I’m sure she does. But we come
from practical stock: good, solid English grandparents, sensible and organized
parents. She’s true to her roots. My more — ah—
unique
ideas have never met with her approval.
The conversation we had earlier today did
not
go well.
“Emma,
you are completely, entirely, without-a-doubt, batshit crazy.”
“I’m not crazy. I just—I just need to
do this, Soph. I’m not asking for your approval.”
“You wouldn’t get it if you were.” She held
up a finger. “In the first place, you’ve hardly been anywhere, and never on
your own.”
“Then it’s high time I tried it, right?”
She glanced over her shoulder, pushed her
chair back and closed her office door. Behind the glass walls, sensible people
buzzed by, doing sensible, salary-earning work and living sensible lives. With
Sophia that worked up, I was relieved I hadn’t mentioned the whole
searching-for-Jamie blog thing when I said I was leaving. No need to stir the
pot even further.
Luckily, my sister is not an Internet
time-waster. There are not, in her words, enough hours in the day to “squander
a single minute reading the uneducated drivel produced by people with too much
time on their hands.” All the better.
But I digress.
My sister is a broker. (Funny, really,
considering I’ve always been the broker one …) Sophia’s position as CFO of
Angst & Argot was hard-won, and as a rule, she doesn’t tolerate
interruptions in her day. But when I’d emailed her with my plans, she’d called
me immediately and insisted I stop by her office.

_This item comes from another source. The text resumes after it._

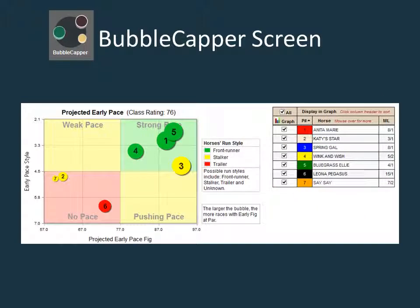Let's analyze a race that offers a typical straightforward bubble capper play. The race we will examine is from the recent opening day at Del Mar on July 17th. The third race of the day is a typical six furlong sprint on the all weather surface. Looking at the projected early pace graph, we see a field of seven horses with three front runners, along with a stalker that may be part of the early lead, and a back of the pack group combined of two stalkers and a trailer.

“Look,” she continued, perching on the
corner of her desk in her Ann Taylor suit, “I know you’ve been struggling at
work. And … I’m sorry the thing with Egon didn’t work out.”
I raised my eyebrows. “You’re sorry? You
were against my relationship with Egon from the start. ‘He’s a graphic artist,
Emma. He drinks lattes, for Christ’s sake. And what kind of name is Egon,
anyway? It’s the name of a flake. He’s nothing but a latte-drinking hipster
artist flake.’”
She shrugged, and directed her gaze out at
the 38
th
-floor vista. The Chicago skyline had the dark and lowering
look it often has in February, reminding us resident mortals that winter isn’t
even half done with us yet. My sister blinked at me. “All I’m saying is that no
matter how bad things are at home, it’ll get better.”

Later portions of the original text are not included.